In the adversarial sampling strategy, a perturbation, δ is applied to randomly chosen structures, x from the initial training data. The perturbation is then iteratively updated using gradient-ascent to maximize the uncertainty of the perturbed structures, U(xδ), as defined below

$$\mathop{\max }\limits_{\delta }p({x}_{\delta })U({x}_{\delta }).$$
(16)

More precisely, U(xδ) is taken to be \({\sigma }_{F}^{2}({x}_{\delta })\) for the ensemble-based method (Eq. (5)) and MVE, Var[μF(xδ)] for evidential regression (Equation (10)), and NLL(xδxtrain) for GMM (Equation (12)). p(xδ) is the thermodynamic probability of the perturbed structures based on the distribution of data already available to the model

$$p({x}_{\delta })=\frac{\exp \left(-\frac{\hat{E}({x}_{\delta })}{{k}_{{{{\rm{B}}}}}T}\right)}{{\sum }_{x\in {{{\rm{train}}}}}\exp \left(-\frac{E(x)}{{k}_{{{{\rm{B}}}}}T}\right)}$$
(17)

where kB is the Boltzmann constant, T the absolute temperature, and \(\hat{E}({x}_{\delta })\) in the numerator is the predicted energy of the perturbed structure, while E(x) in the denominator denotes ground truth energy of structures in the initial training data set. Refer to Supplementary Section III for parameters used in adversarial sampling.
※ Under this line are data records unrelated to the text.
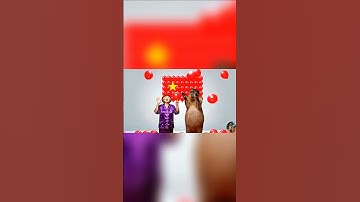 bà và capybara bơm bóng bay mừng ngày quốc khánh 2/9 và cái kết #capybara #vuive #giaitri #quockhanh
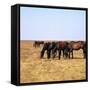 Herd of Horses Grazing on the Hortobagy Plaza-CM Dixon-Framed Stretched Canvas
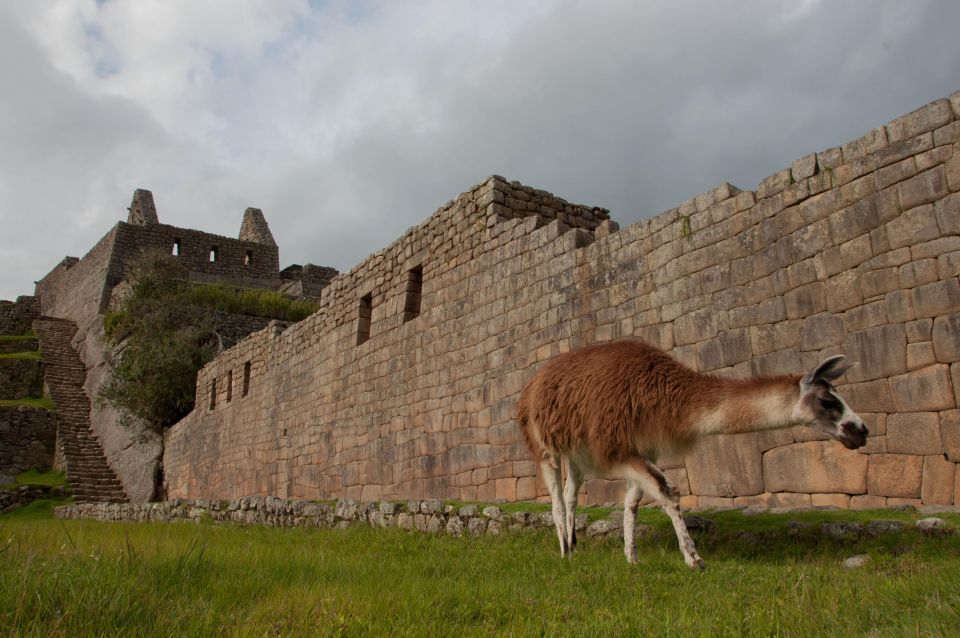 Tour Machu Picchu + Sacred Valley | Textile Experience | - Booking and Reservation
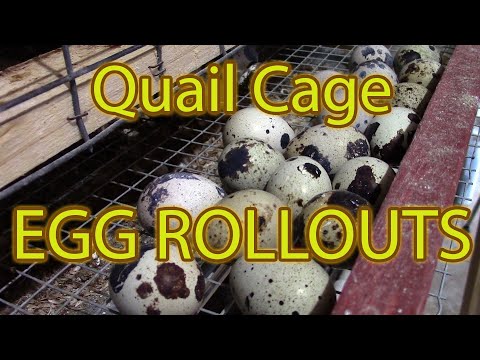 How to build a Stacked Quail Cage - with Egg rollout trays.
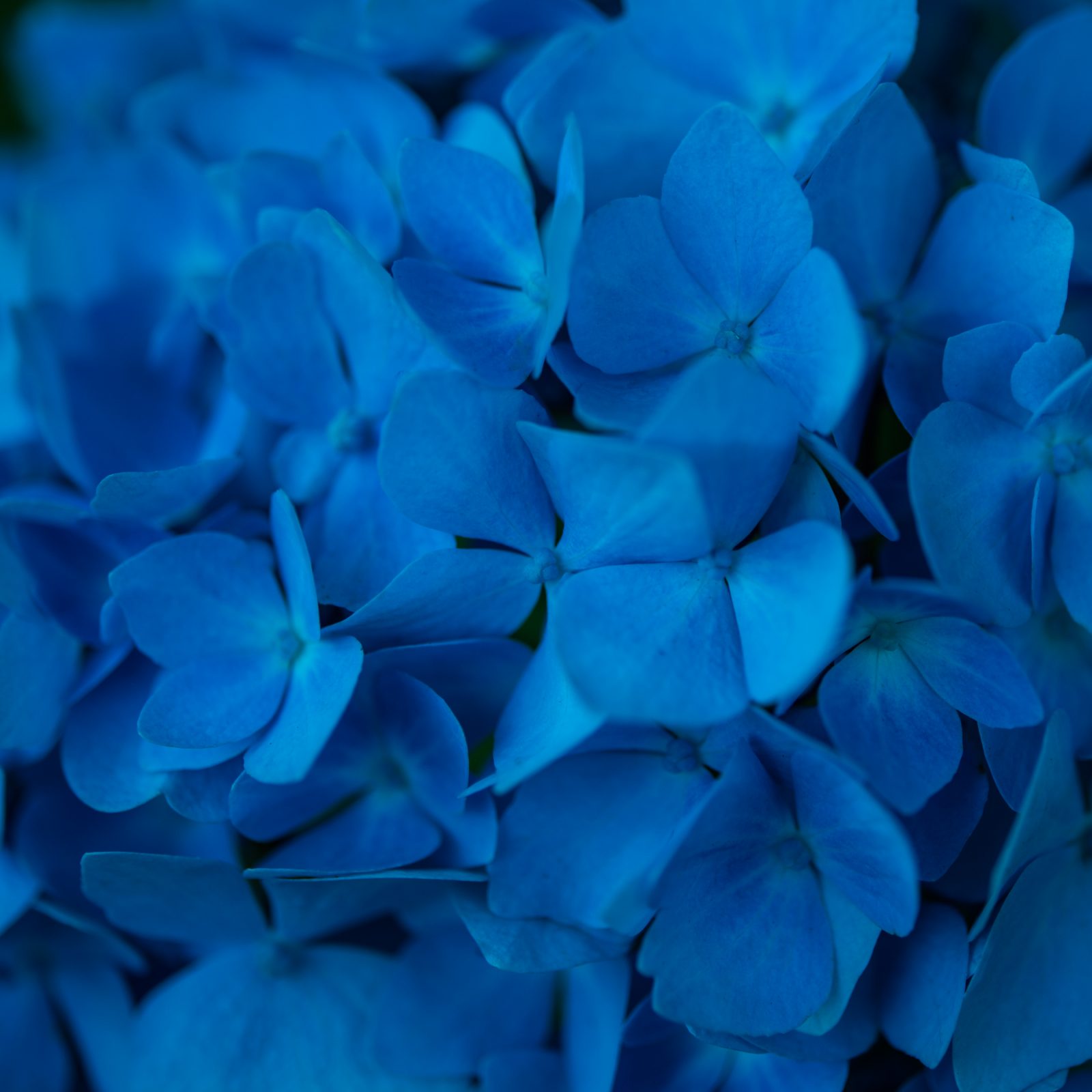 Blue Hydrangeas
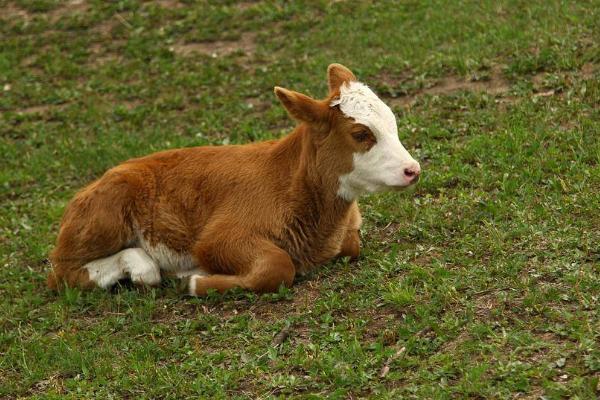 一个月的牛犊为什么突然不吃奶，可能是瘤胃积食等原因所导致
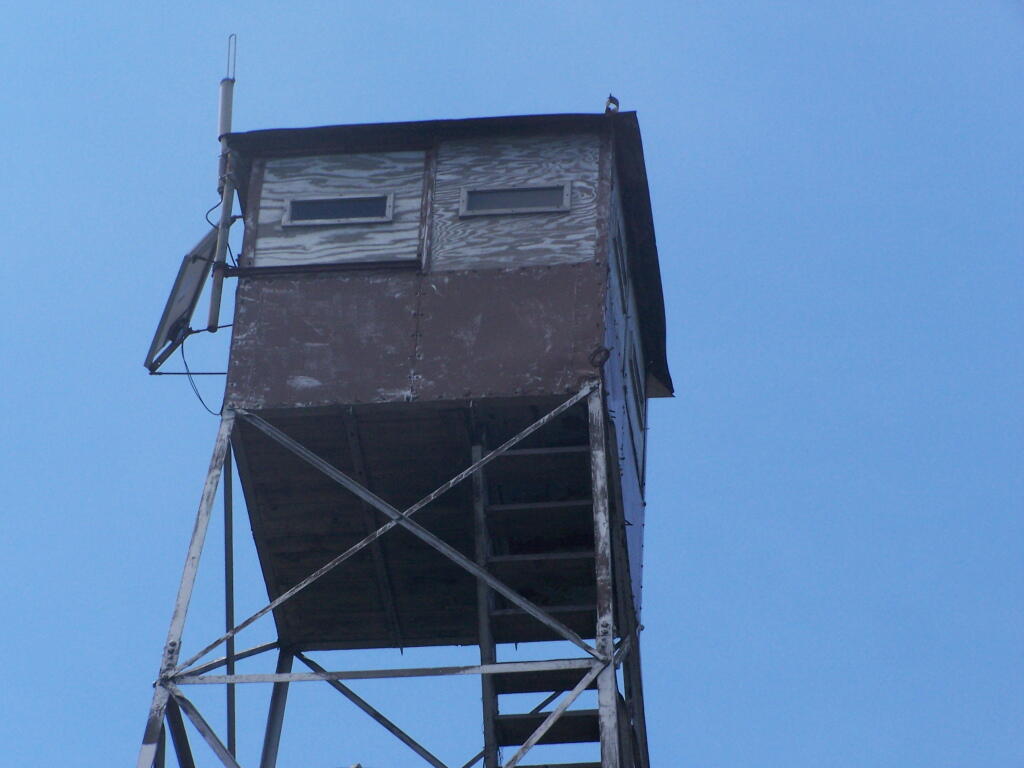 Photo: Tower Cabin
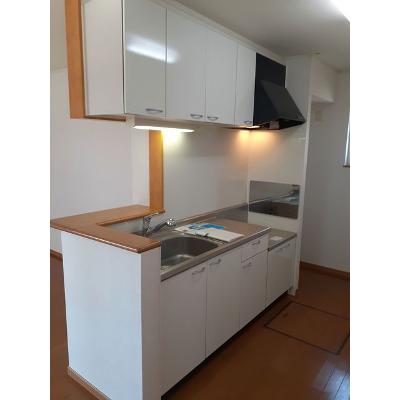 セブン・サンシャイン 102【管理NO：1-014473101-01020】 ★家具家電は申し込み後に搬入します 2026年08月中旬入居可能の物件画像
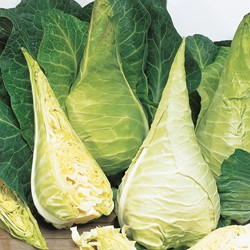 White Cabbage (Express) Filderkraut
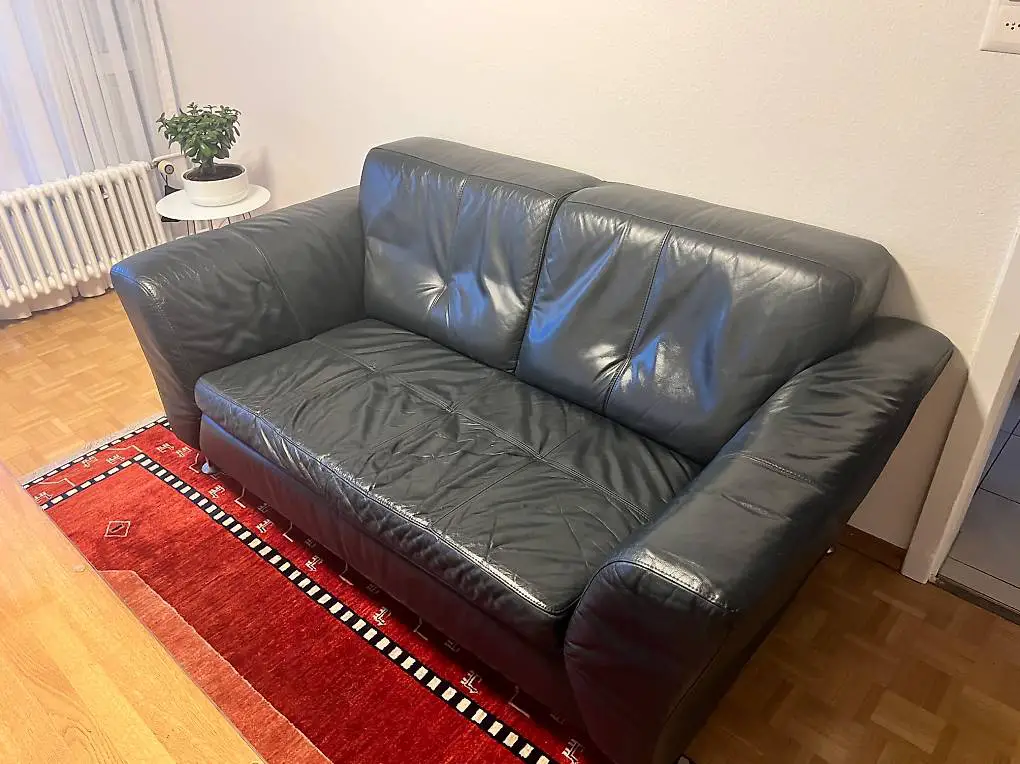 Ledersofa (1x 2er, 1x 3er)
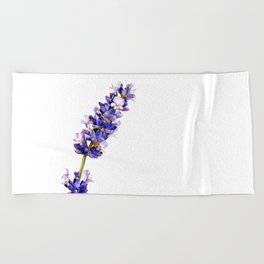 Mediterranean Lavender on White Beach Towel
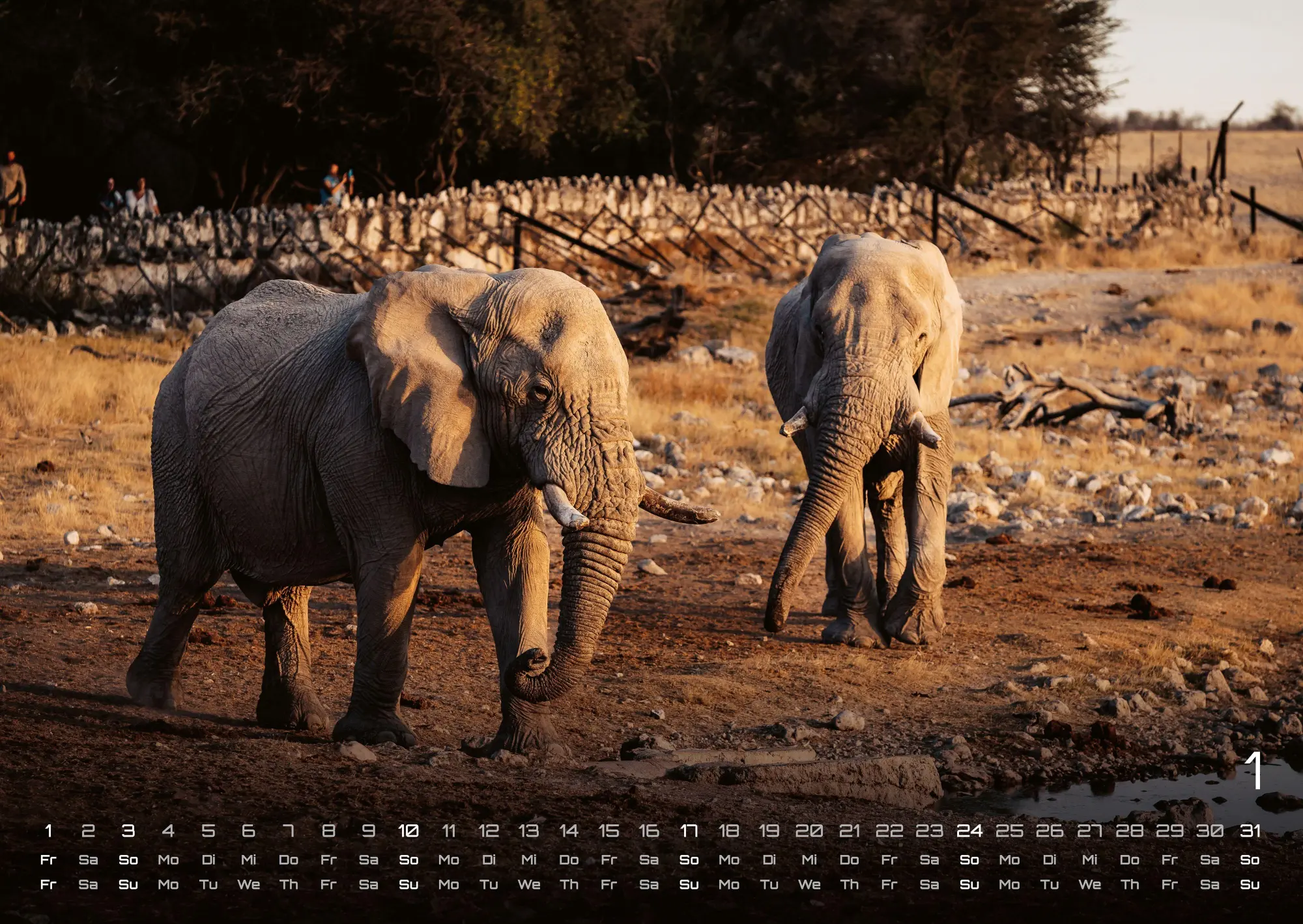 Bild: 9783986736446 | Elefanten - einzigartige Giganten - 2027 - Kalender DIN A2 | de | 2027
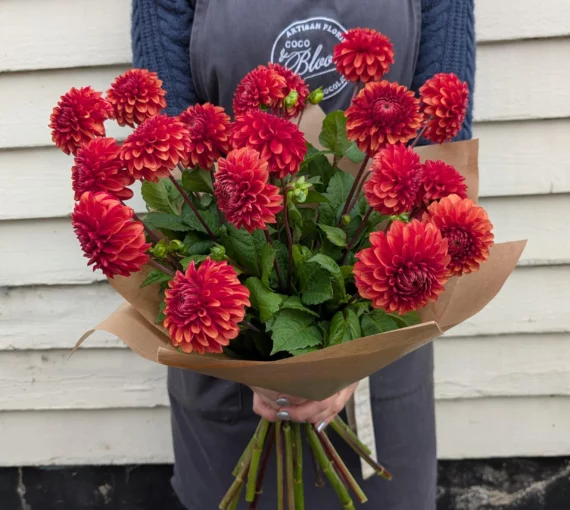 Dahlias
Molecular dynamics (MD) simulations

NN-based MD simulations were performed in the NVT ensemble with the Nosé-Hoover thermostat. In the case of ammonia, 100 5 ps-long MD simulations were run for four different temperatures (300 K, 500 K, 750 K, and 1000 K) and for each UQ method at a timestep of 0.5 fs. The initial configurations for all simulations were picked randomly from the initial training data set. The trajectories were considered unstable if the distance between the atoms were closer than 0.75 Å or larger than 2.25 Å or if the predicted energy was lower than the global minimum energy, which is at a reference point of 0 kcal mol−1 in this work. For simulations of silica, 10 1 ns-long trajectories at a temperature of 2500 K were performed for each UQ methods at all generations with a time step of 0.25 fs. The initial structures for all simulations were picked randomly from the structures sampled at 2500 K equilibration simulation in the initial training data set. The trajectories were considered unstable if the kinetic energy becomes 0, a null value or greater than 10,000 kcal mol−1 or 14.3 kcal mol−1 atom−1 (due to destabilization of the predicted potential energy in a false minimum27), or if the distances between any atoms are less than 1.0 Å. No upper bound was imposed on the atomic distances because the simulations tend to fail before any stretching of bond occurs. All simulations were performed using the Atomic Simulation Environment (ASE) library in the Python language77.